* _DATA EXTRACT_:

Content starts

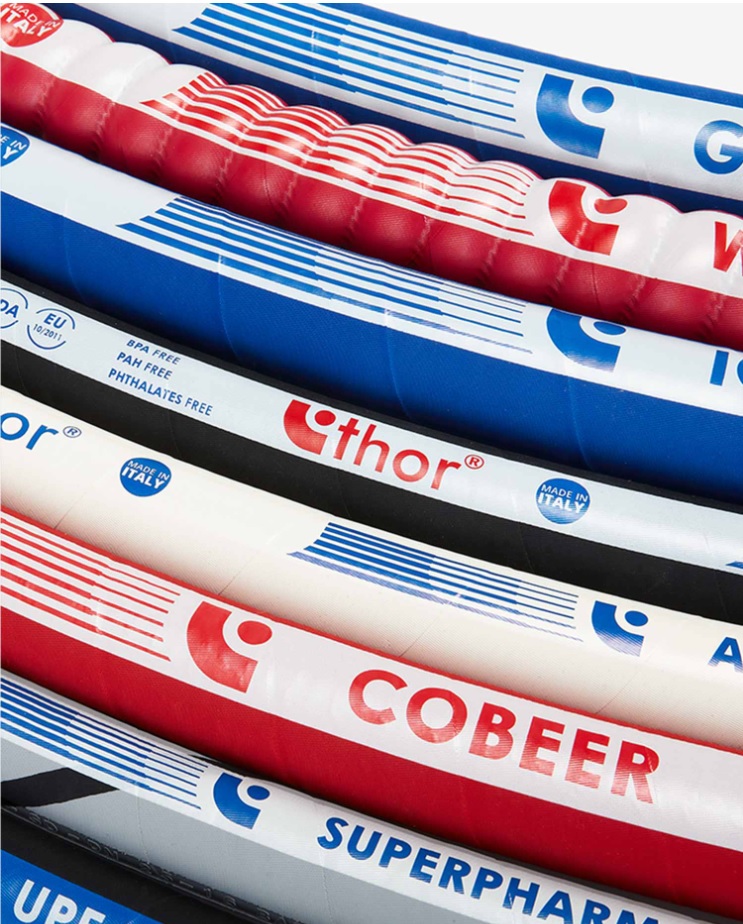 mangueras industriales Hidráulica Carrera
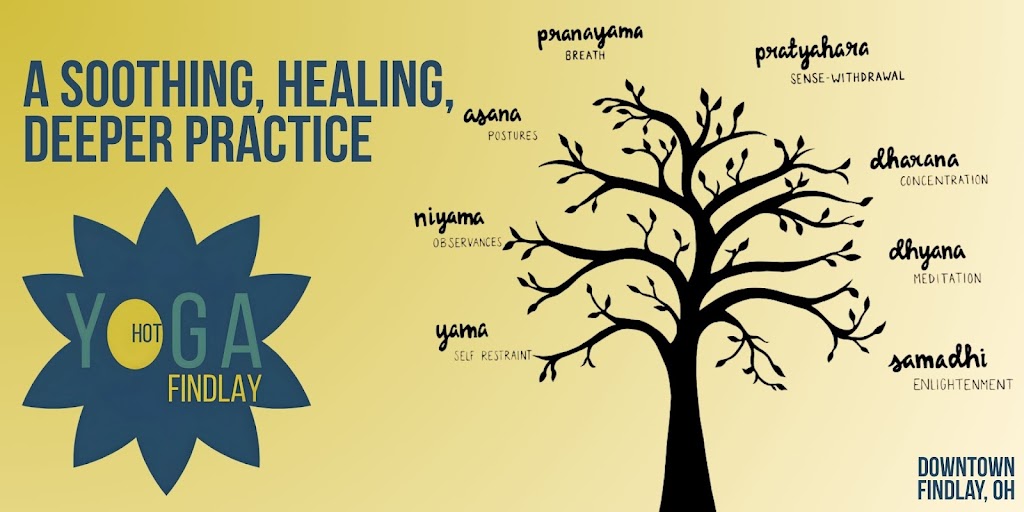  Hot Yoga Findlay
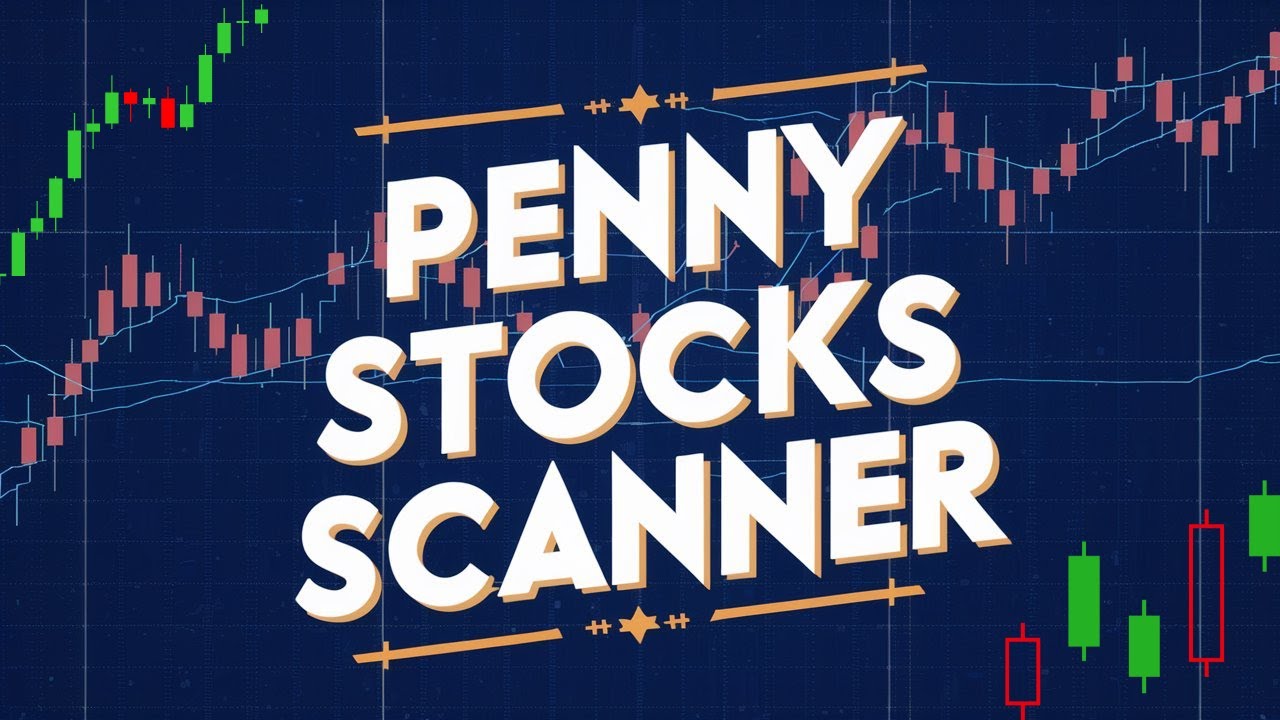 Penny Stocks scanner || How to scan Multibagger penny stocks ? #pennystocks #investing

Content ends

* _WHAT TO DO_: This task calls for the listing to be restated exactly, with images omitted.

* _ANSWER TO THIS TASK_:
 mangueras industriales Hidráulica Carrera
  Hot Yoga Findlay
 Penny Stocks scanner || How to scan Multibagger penny stocks ? #pennystocks #investing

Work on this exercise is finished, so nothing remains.